SOURCE: Grameen Research

March 14, 2011 18:23 ET

U.S. Congressional Caucus on Bangladesh Urges Bangladesh Government to Ensure Continued Independence of Grameen Bank

Caucus Expresses Concerns Over the Removal of Founder Muhammad Yunus From Microcredit Bank

WASHINGTON, DC--(Marketwire - March 14, 2011) - All members of the U.S. Congressional Caucus on Bangladesh have written to Bangladesh Prime Minister Sheikh Hasina expressing concern over the government's removing Nobel Laureate Muhammad Yunus from his leadership position as managing director of Grameen Bank, which he founded nearly 30 years ago to provide small, low-interest loans primarily to poor women in Bangladesh, according to Grameen Research.

The Caucus also urged the Prime Minister to resolve its dispute with Dr. Yunus "through a mutually satisfactory compromise that ensures the ongoing independence of Grameen Bank."

In a letter dated March 11, the Caucus said the progress Bangladesh has made in recent years in growing its economy, beginning to address corruption, cooperating with its neighbors, alleviating poverty, and improving the rule of law has been overshadowed by the government's focus on Professor Yunus.

The dispute has introduced "uncertainty regarding one of Bangladesh's most visible and beloved institutions," the Caucus members wrote, adding, "Many of us have personally seen the effectiveness of Grameen programs and believe they and Dr. Yunus have done a great deal to improve lives by providing access to credit for those without collateral."

Members of Congress who signed the letter are Gary Ackerman (D-NY), Shelly Berkley (D-NY), Howard Berman (D-CA), Jerry Connolly (D-VA), Joseph Crowley (D-NY), Keith Ellison (D-MN), Rush Holt (D-NJ), Michael Honda (D-CA), Sheila Jackson Lee (D-TX), Peter King (R-NY), Rick Larsen (D-WA), Steve Lynch (D-MA), Carolyn B. Maloney (R-CA), Jim McDermott (D-WA), Gregory Meeks (D-NY), Jim Moran (D-VA), Jerrold Nadler (D-NY), Grace Napolitano (D-CA), Bill Pascrell (D-NJ), David Price (D-NC), Charlie Rangel (D-NY), Sylvestre Reyes (D-TX), Brad Sherman (D-CA), Chris Van Hollen (D-MD), Anthony Weiner (D-NY), David Wu (D-OR).

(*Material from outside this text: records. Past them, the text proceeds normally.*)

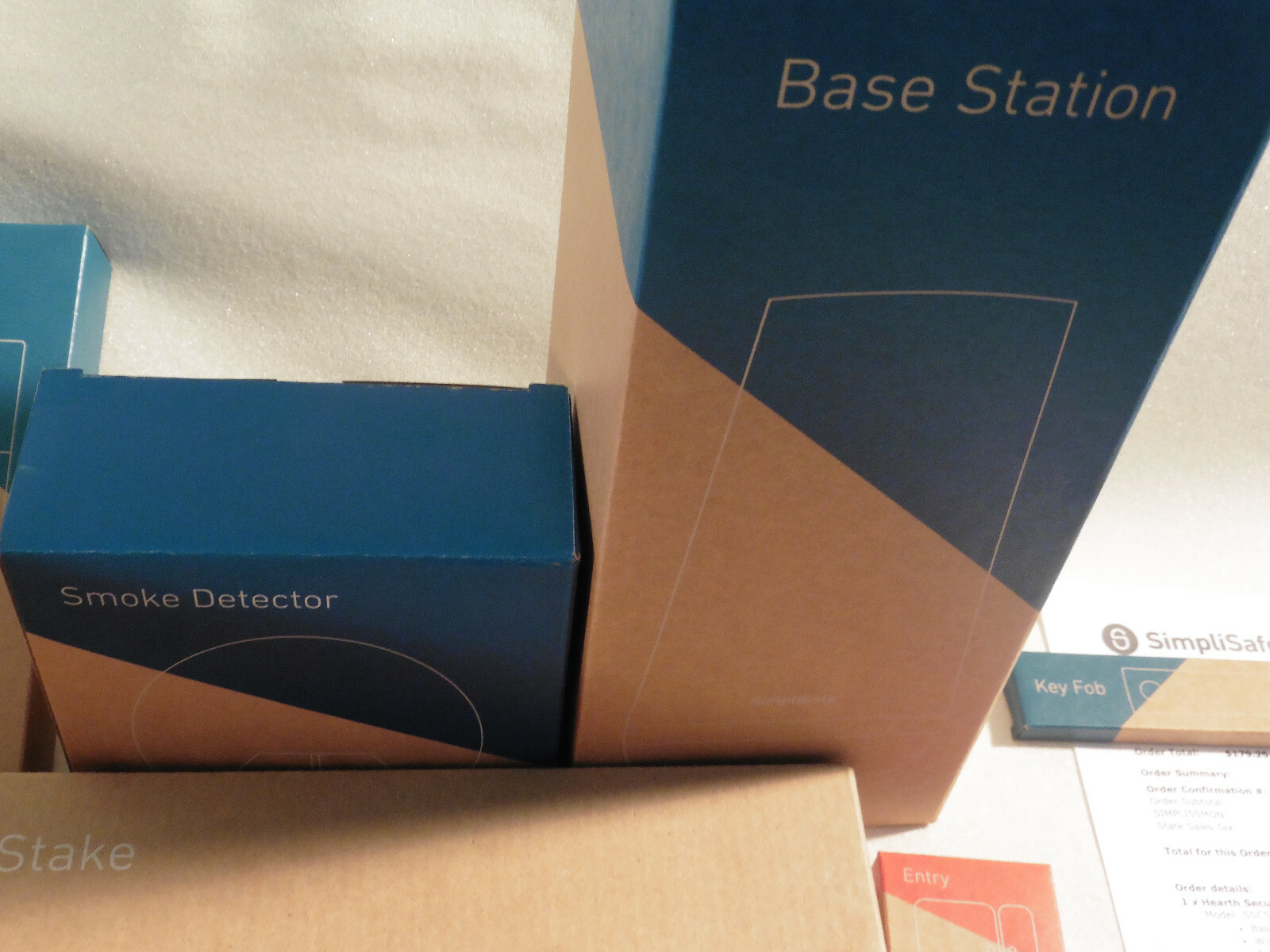 BRAND NEW Simplisafe Security System SSCS3 SSEDSM2 SSCM2 Base Smoke Camera Fob+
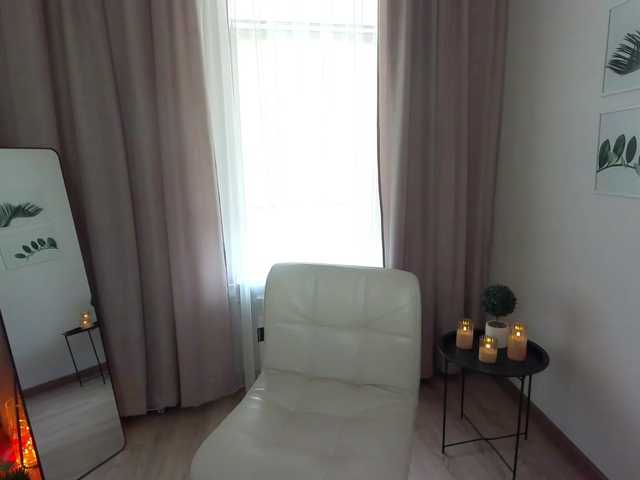 MirandaQueen live webcam show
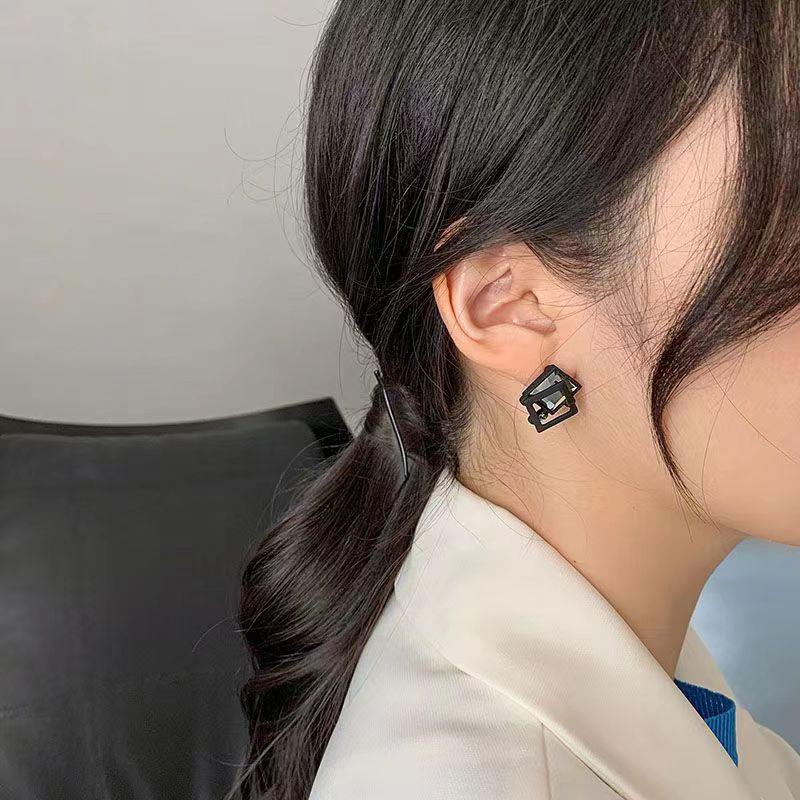 Fashionable And Creative Simple Geometric Inlaid Zircon Earrings Neutral And Cool Black Personalized Daily Party Jewelry Gifts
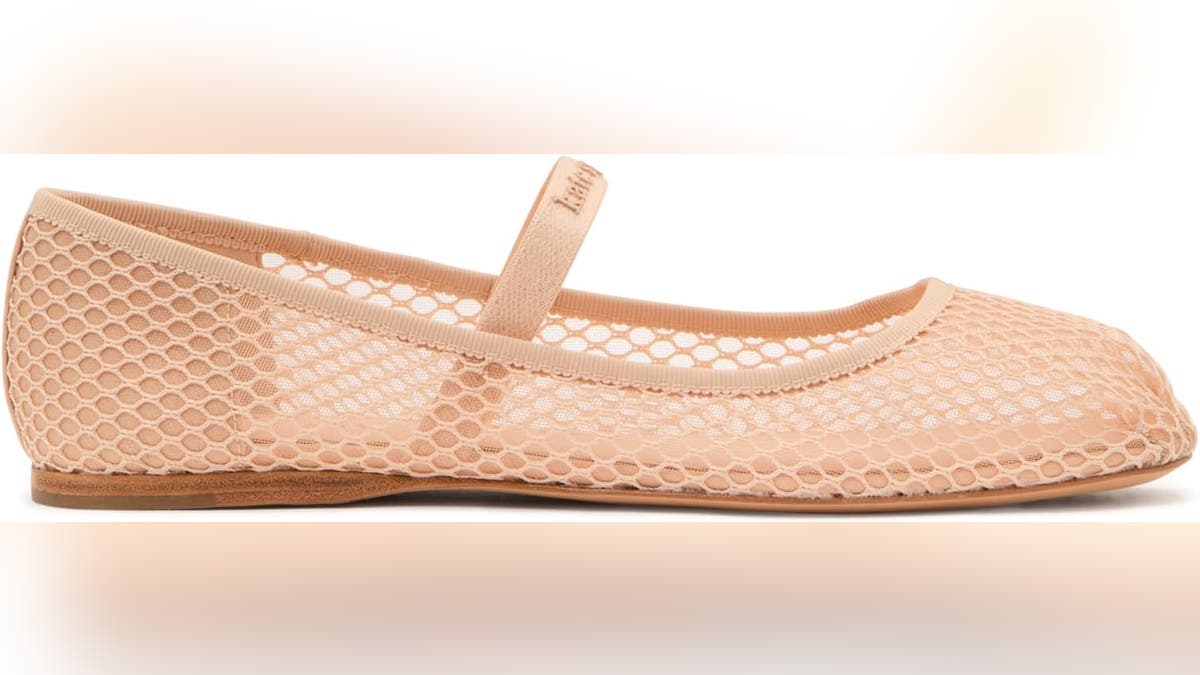 These ultra-feminine flats are perfect to wear all day.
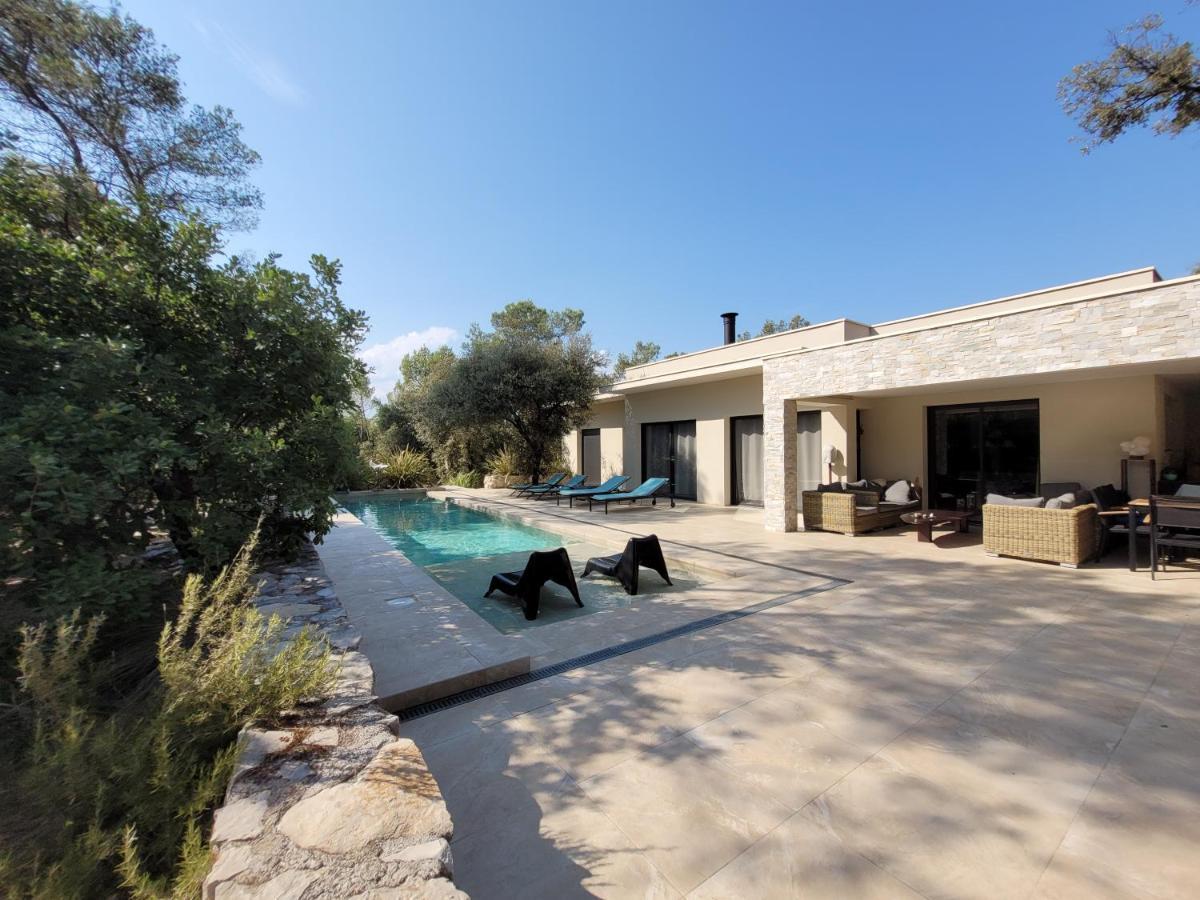 La Villa Kallisté Vacquières Extérieur photo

On March 2, the Bangladesh government removed Yunus for exceeding the mandatory public employee retirement age of 60. Supporters of Prof. Yunus have pointed out that Grameen Bank is not a public sector company, and the retirement age is not enforced uniformly. The Finance Minister of Bangladesh, who is himself 77 years old, was the official who called the 70-year-old Yunus too old to run the organization that started as an informal lending operation in 1976 and became a specially chartered bank in 1983. The current President of Bangladesh Zillur Rahman, a senior member of Prime Minister Hasina's political party, is 82.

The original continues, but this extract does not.